Tarcísio Por que a gente não leva lá para o escritório do Nenê (refere-se a Nenê Constantino, dono da Gol)?
Roriz Era pra isso mesmo.
Tarcísio E de lá cada um sai com o seu.
Como "de lá cada um sai com o seu"? Roriz sairia com o dele (R$ 300 mil), a se acreditar no que ele diz. Nenê, dono do cheque do Banco do Brasil descontado no Banco Regional de Brasília, ficaria com o resto.
Não teria sido mais fácil mandar entregar R$ 300 mil a Roriz e o resto a Nenê? Por que a partilha do dinheiro teria de ser feita no escritório de Nenê?
A resposta é óbvia: porque mais gente participaria da partilha. E porque essa história contada por Roriz não se sustenta. É uma história inventada para enganar os trouxas.

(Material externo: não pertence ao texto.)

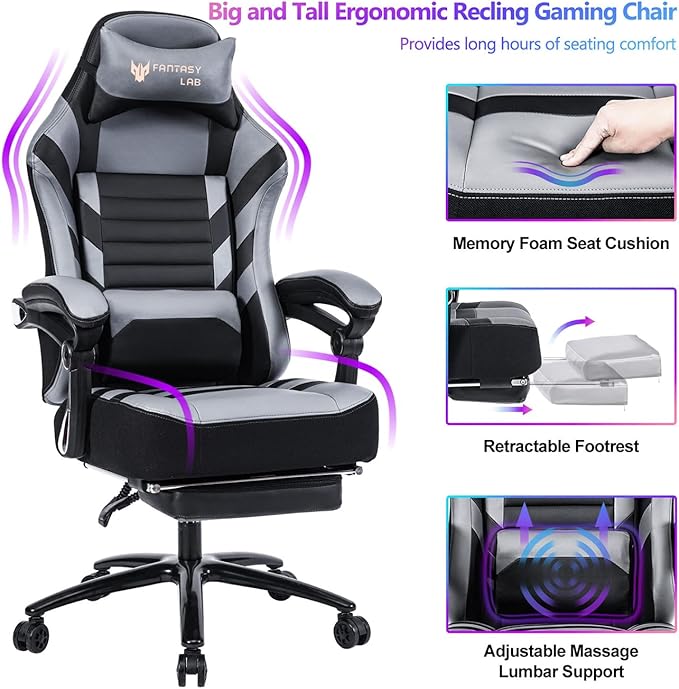 Comfort Redefined: Grey PU Adjustable Swivel Racing Office Chair - Ergonomic Design for Gamers &amp Work!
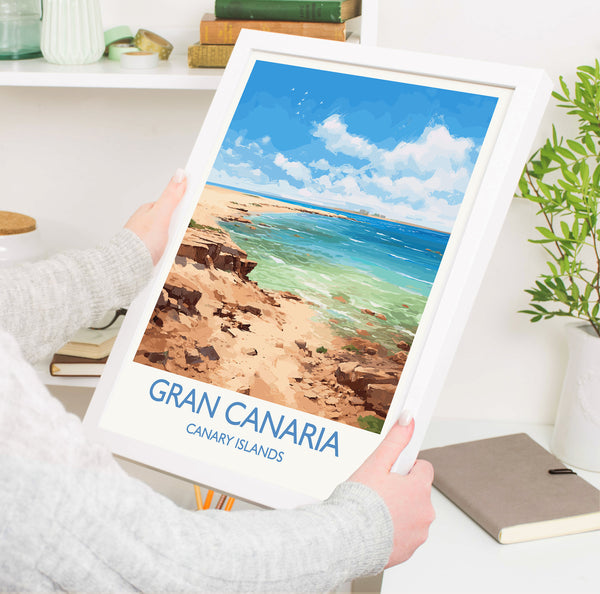 Gran Canaria Travel Print, Travel Poster of Gran Canaria, Canary Islands, Gran Canaria Art lovers Gift, Wall Art Print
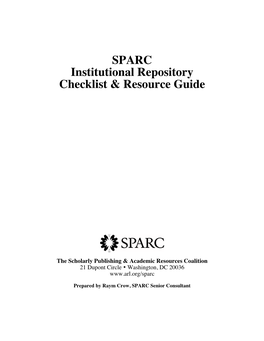 SPARC Institutional Repository Checklist & Resource Guide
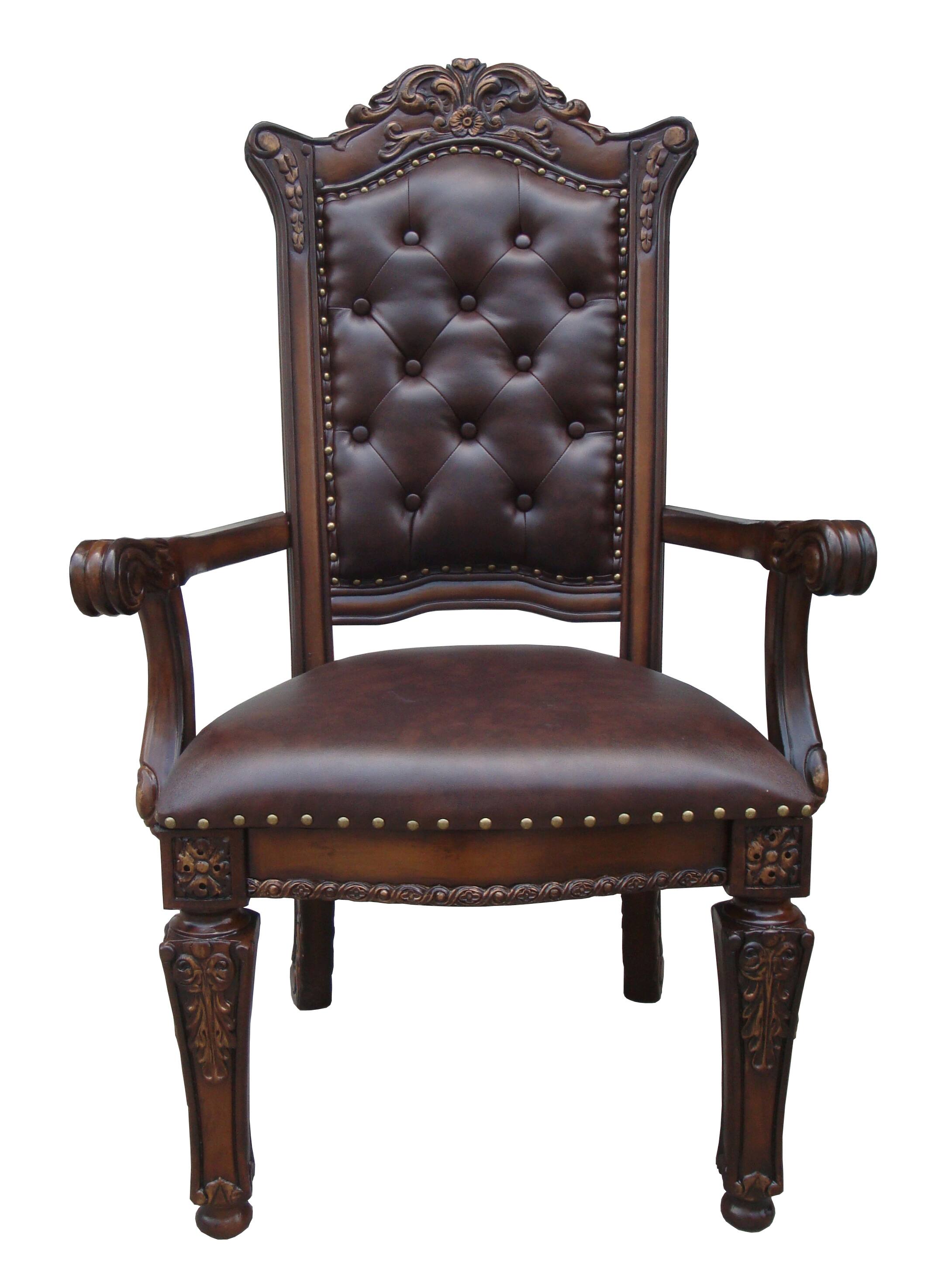 Alt View 1. Manhattan Lane - Leather Upholstered Button Tufted Wooden Side Chair, Set of 2 - Brown.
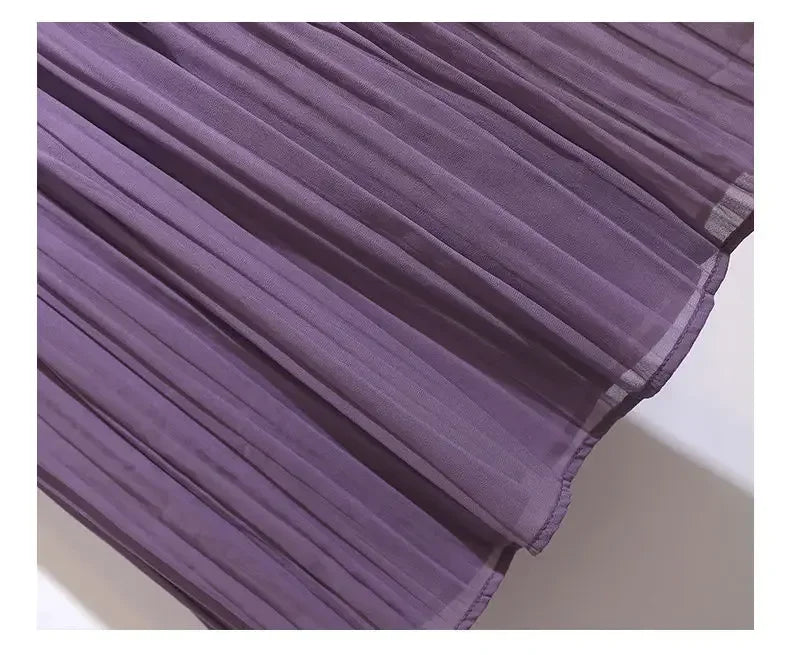 Purple Dresses for Women 2024 Woman Dress Midi Silk Satin Chiffon Clothes New Features of Sale Outfits Fashion Retro Hot X Xxl G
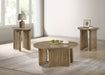 Adina 3-piece Round Coffee Table Set Distressed Light Brown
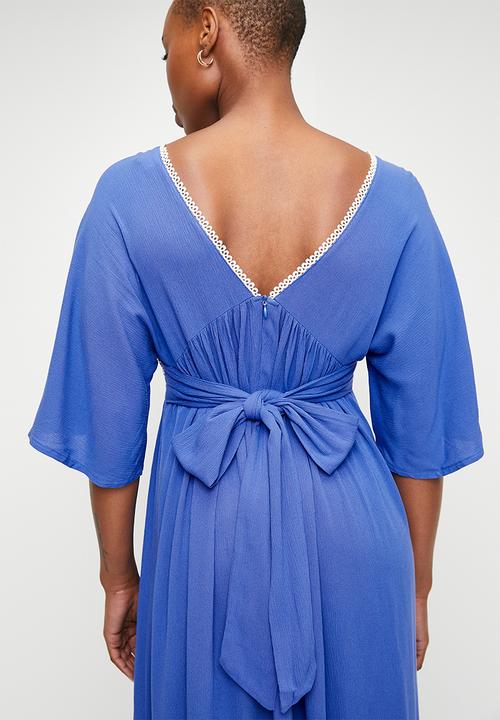 edit - Angel sleeve tunic with embroidery - blue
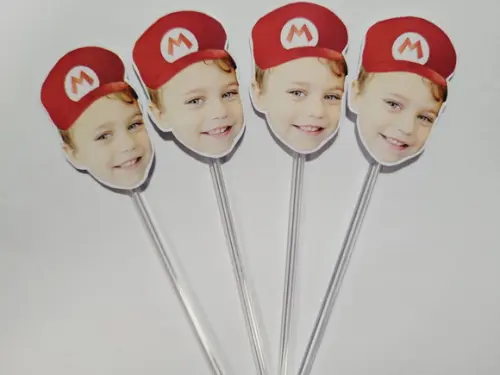 Topper de Docinho Rostinho Mario Bros com Foto e Chapeuzinho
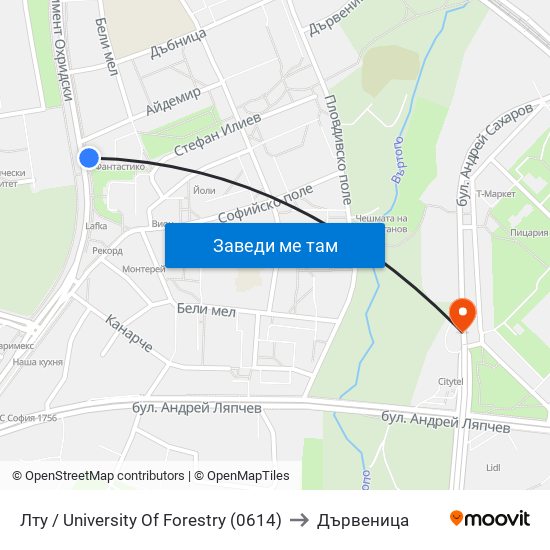 Лту / University Of Forestry (0614) to Дървеница map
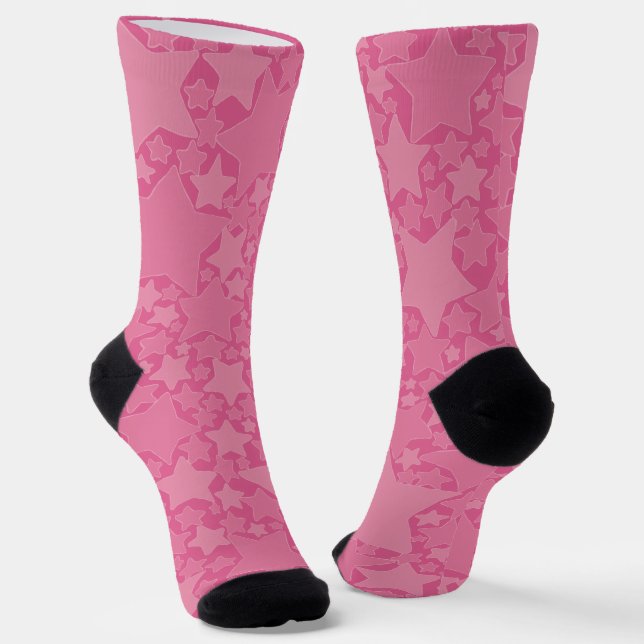 Stars, Stars, Stars - Pink Socks (Angled)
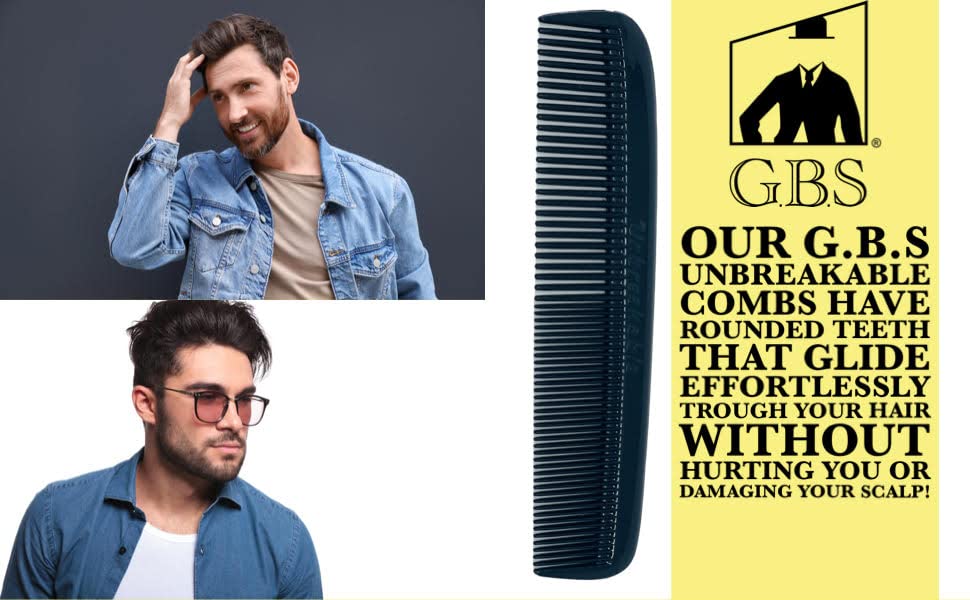 Comb 5" Unbreakable Black Pocket Combs 5 PACK durable Made USA Course Fine or All Fine GENTS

Roriz é um homem riquíssimo.
Não cola a desculpa de que estava duro e de que não poderia pagar menos de R$ 300 mil por uma bezerra.
Não cola a informação de que o dono da bezerra deu um desconto no preço de quase 50%.
Não cola que Nenê pediu para Roriz sacar no Banco Regional de Brasília um cheque que era do Banco do Brasil.
Nada simplesmente cola.
Pode colar para os senadores – muitos deles acostumados com práticas parecidas, quase todos dispostos a ser cúmplices de crimes.)